## Audit of Trade Payables – Completeness Assertion
The completeness assertion asks: Have all liabilities that should be recorded actually been recorded?
For trade payables and other liabilities, understatement is the key risk — the entity may be incentivised to omit liabilities to show a better financial position.
### Audit Procedures
1. Purchase Cut-off Testing
- For the last 5 invoices received before year-end and included in trade payables:
- Verify goods were physically received before year-end (check gate entry/inward dates).
- All goods received prior to year-end must be in both inventory and trade creditors.
- For invoices received after year-end:
- Check invoice dates vs gate entry dates — if goods arrived before year-end, the liability should have been recorded.
2. Sample Testing of Payables
- Select purchase/expense entries from the accounts payable ledger.
- Verify against supporting documents (purchase invoices, GRNs).
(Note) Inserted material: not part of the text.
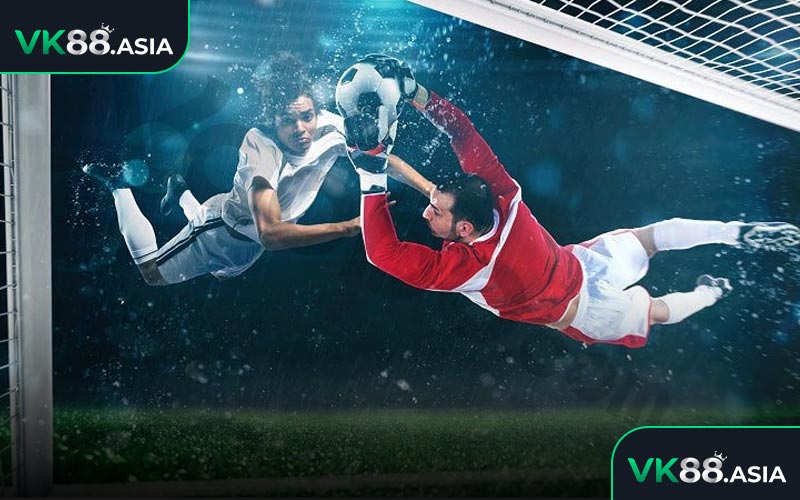 Chia sẻ kinh nghiệm Kinh nghiệm chơi kèo chấp bóng đá từ cao thủ lâu năm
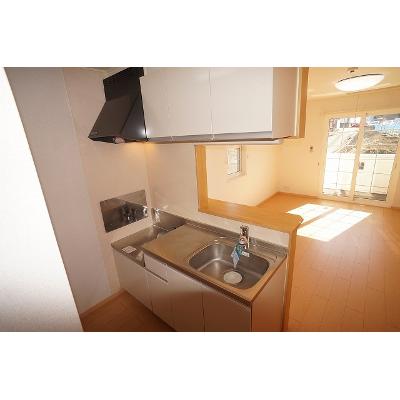 ソレイユメゾンⅠ 101【管理NO：1-015602001-01010】 ★家具家電は申し込み後に搬入します★ ★2026年11月中旬入居可能★の物件写真3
- Confirm correct amounts and correct accounting dates.
3. Subsequent Period Vouchers
- Review all material expense vouchers recorded after the balance sheet date.
- Identify items that relate to the audit period — these should have been accrued.
4. Advance Receipts from Customers
- Obtain customer-wise listing with ageing.
- Verify underlying documentation.
- Enquire about disputes — additional liability may need to be recorded.
5. Statutory Dues Reasonability
- GST Payable: Apply applicable GST rate to last month's sales → compare to recorded GST liability. Investigate variances.
- PF/ESI Payable: Apply applicable rate to employee benefit expense → compare to recorded liability.
- Obtain challans for statutory deposits made after year-end; verify amounts deposited match liabilities recorded.
- Prepare a complete list of statutory dues and consider CARO 2020 reporting requirements.
6. CARO 2020 Consideration
- Under CARO 2020, the auditor must report on disputed and undisputed statutory dues outstanding for more than 6 months.